July 26, 2006
Maybe he's laying the groundwork for a post-political career. Last week Jay Schneiderman took advantage of the county legislature's July hiatus and got ready for his close-up. He toured Southampton and East Hampton Towns with folks from LTV, serving as emcee for a documentary on hurricane preparedness.
Every year during hurricane season and even more frequently since Hurricane Katrina lashed the Gulf Coast last year, government emergency preparedness officials provide information about weathering a substantial storm. Since last September there have been numerous public forums and informational brochures convened and compiled. This is one of the first films designed to provide citizens with all they need to know in the event of a storm.
Mike Israelson, a member of the board of LTV and a professional filmmaker specializing in IMAX movies, is helming the effort. He, Legislator Schneiderman and community activist Laurie Wiltshire conducted interviews with subjects from involved agencies running the gamut from the local chapter of the Red Cross to the Southampton Town Animal Control Office.
Slated to begin airing in August and showing every day on LTV, the film is touted by Israelson as offering all one needs to know about how to survive a hurricane. Meteorological information, maps of predicted flood areas, information about shelters and even insurance suggestions are revealed in the documentary. Viewers will learn how to protect their houses, their boats and even their pets.
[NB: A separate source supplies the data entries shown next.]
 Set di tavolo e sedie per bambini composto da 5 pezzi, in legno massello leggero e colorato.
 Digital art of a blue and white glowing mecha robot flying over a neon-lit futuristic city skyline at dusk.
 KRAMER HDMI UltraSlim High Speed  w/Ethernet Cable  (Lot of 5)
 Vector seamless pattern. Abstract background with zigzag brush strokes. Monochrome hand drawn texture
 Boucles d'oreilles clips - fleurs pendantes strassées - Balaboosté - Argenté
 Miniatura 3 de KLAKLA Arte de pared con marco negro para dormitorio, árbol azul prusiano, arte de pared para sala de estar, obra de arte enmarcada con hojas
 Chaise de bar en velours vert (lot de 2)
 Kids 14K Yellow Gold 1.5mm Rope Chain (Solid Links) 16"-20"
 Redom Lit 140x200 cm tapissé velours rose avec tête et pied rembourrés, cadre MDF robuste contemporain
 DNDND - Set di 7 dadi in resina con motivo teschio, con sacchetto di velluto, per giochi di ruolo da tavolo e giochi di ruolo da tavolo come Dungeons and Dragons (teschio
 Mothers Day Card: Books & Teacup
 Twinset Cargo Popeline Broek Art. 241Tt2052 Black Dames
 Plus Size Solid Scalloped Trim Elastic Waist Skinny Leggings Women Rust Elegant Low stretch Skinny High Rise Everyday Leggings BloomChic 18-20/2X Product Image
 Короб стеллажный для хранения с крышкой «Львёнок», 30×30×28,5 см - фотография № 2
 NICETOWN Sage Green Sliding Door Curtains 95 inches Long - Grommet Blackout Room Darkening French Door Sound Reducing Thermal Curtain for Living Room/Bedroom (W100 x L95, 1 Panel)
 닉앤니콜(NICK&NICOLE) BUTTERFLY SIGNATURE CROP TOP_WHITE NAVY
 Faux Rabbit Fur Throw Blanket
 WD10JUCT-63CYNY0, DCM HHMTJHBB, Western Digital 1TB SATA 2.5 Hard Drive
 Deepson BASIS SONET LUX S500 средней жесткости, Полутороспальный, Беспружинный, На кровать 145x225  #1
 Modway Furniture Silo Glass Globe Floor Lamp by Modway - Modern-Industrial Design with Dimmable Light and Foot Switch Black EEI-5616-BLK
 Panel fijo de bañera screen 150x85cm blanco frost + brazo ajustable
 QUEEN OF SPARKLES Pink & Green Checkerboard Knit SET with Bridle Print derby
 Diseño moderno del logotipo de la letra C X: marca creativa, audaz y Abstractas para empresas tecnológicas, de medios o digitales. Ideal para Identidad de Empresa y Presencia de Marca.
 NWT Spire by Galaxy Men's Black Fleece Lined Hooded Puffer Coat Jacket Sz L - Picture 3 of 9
Setting out to create the film, Israelson said he was surprised to note most people are "clueless" when it comes to making sure they're personally prepared. "I wanted to make a 'hands on' video so people can be responsible for themselves," he explained. Israelson believes people can't expect the government to bear the entire burden of providing safety in the event of a disaster. Individual citizens need to know how to be self sufficient, too.
The goal is to inform, not alarm, the filmmaker emphasized. Last week some locals complained about camera crews from an upIsland news channel scouring the beaches scaring folks about the pending storm Beryl. The LTV production, Israelson said, "will give people a sense of what they can do to protect themselves in the event of a disaster."
While the film promises to steer clear of scare tactics, it will be cautionary. Said Israelson, "Out here we all think the ocean is our best friend, but it could turn and become our worst enemy."